--- Work instructions ---
Output, without alteration, the first line of the entries and each line after it, stopping with the line that contains "Audi RS3 2.5".

--- Input records ---
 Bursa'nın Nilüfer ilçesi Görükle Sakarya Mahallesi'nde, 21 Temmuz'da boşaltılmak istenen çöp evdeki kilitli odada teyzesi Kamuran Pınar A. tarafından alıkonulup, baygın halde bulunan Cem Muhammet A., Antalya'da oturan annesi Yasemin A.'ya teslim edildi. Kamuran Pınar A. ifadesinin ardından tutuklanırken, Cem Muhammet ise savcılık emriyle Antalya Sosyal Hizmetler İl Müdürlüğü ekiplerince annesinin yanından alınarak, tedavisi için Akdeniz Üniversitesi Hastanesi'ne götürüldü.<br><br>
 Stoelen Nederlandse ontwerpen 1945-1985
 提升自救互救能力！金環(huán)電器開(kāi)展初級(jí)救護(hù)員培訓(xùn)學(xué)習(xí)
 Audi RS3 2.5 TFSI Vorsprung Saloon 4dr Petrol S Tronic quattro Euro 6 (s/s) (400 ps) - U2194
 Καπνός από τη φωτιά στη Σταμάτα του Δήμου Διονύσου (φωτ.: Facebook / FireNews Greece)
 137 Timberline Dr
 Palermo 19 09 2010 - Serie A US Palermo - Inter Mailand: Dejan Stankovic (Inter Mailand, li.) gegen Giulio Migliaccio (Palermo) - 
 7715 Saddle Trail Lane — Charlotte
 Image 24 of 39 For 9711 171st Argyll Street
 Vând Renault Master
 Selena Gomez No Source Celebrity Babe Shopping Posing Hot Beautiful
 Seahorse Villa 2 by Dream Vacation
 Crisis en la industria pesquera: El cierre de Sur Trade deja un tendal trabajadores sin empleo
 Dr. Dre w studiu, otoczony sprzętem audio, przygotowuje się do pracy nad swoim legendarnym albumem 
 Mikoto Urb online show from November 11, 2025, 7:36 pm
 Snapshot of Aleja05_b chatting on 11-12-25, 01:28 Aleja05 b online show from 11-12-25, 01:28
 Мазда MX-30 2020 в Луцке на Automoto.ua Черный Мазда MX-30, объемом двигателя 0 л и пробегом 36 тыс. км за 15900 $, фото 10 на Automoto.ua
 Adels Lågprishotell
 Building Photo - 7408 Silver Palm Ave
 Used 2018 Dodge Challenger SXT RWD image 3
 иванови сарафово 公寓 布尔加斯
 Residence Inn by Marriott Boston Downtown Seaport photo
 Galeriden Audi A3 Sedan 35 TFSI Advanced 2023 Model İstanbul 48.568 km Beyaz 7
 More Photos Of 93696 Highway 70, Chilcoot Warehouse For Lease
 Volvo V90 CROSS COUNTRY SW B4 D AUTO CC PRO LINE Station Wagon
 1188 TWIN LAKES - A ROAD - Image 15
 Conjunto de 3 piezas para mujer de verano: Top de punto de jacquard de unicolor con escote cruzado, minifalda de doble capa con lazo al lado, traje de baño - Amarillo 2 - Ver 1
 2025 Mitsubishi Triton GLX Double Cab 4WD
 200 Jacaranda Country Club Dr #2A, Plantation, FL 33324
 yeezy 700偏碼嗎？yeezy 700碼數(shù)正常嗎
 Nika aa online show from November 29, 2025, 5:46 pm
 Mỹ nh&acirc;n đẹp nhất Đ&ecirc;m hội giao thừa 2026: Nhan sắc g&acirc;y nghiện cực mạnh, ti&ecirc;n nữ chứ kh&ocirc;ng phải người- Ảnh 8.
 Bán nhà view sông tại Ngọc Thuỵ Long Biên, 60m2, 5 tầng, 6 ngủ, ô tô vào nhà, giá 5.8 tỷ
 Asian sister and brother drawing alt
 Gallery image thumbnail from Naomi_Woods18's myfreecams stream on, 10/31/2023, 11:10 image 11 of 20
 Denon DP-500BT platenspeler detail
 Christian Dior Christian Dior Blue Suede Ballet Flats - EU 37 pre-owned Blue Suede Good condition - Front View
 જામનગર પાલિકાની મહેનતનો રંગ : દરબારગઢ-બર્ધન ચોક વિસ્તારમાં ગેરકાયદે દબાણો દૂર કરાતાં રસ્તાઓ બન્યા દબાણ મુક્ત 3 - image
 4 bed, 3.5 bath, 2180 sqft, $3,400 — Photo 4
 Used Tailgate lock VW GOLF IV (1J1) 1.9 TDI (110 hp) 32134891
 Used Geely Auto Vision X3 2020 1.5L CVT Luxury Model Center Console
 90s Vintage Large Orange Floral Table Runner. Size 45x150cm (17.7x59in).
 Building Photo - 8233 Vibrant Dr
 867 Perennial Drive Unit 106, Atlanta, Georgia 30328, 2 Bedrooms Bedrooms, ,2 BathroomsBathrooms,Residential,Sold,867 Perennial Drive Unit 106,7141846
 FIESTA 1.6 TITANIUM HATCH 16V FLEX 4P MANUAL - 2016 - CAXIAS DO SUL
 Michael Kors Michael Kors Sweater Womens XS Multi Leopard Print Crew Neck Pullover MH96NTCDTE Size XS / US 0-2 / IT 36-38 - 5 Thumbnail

--- Written answer ---
 Bursa'nın Nilüfer ilçesi Görükle Sakarya Mahallesi'nde, 21 Temmuz'da boşaltılmak istenen çöp evdeki kilitli odada teyzesi Kamuran Pınar A. tarafından alıkonulup, baygın halde bulunan Cem Muhammet A., Antalya'da oturan annesi Yasemin A.'ya teslim edildi. Kamuran Pınar A. ifadesinin ardından tutuklanırken, Cem Muhammet ise savcılık emriyle Antalya Sosyal Hizmetler İl Müdürlüğü ekiplerince annesinin yanından alınarak, tedavisi için Akdeniz Üniversitesi Hastanesi'ne götürüldü.<br><br>
 Stoelen Nederlandse ontwerpen 1945-1985
 提升自救互救能力！金環(huán)電器開(kāi)展初級(jí)救護(hù)員培訓(xùn)學(xué)習(xí)
 Audi RS3 2.5 TFSI Vorsprung Saloon 4dr Petrol S Tronic quattro Euro 6 (s/s) (400 ps) - U2194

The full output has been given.